Jason Hsueh Wed, 18 May 2011 14:43:47 -0700

On Wed, May 18, 2011 at 12:44 PM, Jay Booth <[email protected]> wrote:


> That definitely seems acceptable.  Any reason not to make the default
> implementation return toByteString().hashCode() and get the best of
> both worlds?  It's a little more expensive probably, but
> Object.hashCode() is already deceptively expensive to begin with.
>

I'm not well-enough versed in Java to say with authority, but as far as I
can tell, hashCode() is intended for HashMap/HashSet, and assuming that
Object.hashCode() provides some consistent hash is incorrect. Yes, protobuf
could attempt to provide a consistent hash with toByteString().hashCode(),
except we already know that there are caveats to that, so it's not like we
can provide any contractual guarantee.
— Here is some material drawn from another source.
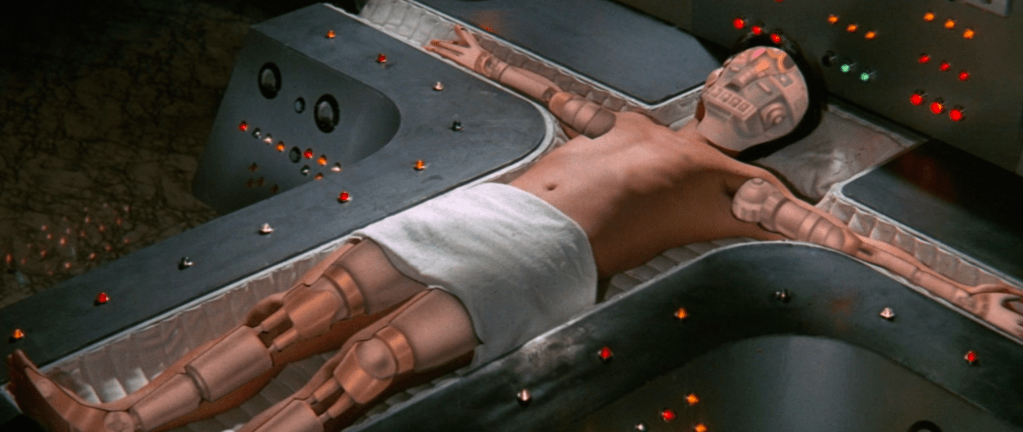 Rayma (Danny Lee) begins to transform on Professor Liu's operating table...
Applications like yours that need a
stable hash could implement a wrapper object that overrides hashCode() to
use this approach, or perhaps simply use a different method altogether to
express the stability requirement.


> I personally switched my particular problem to use Strings as keys,
>

I think you want to avoid using Strings to store the serializations since
this is binary data, and String will coerce that to UTF.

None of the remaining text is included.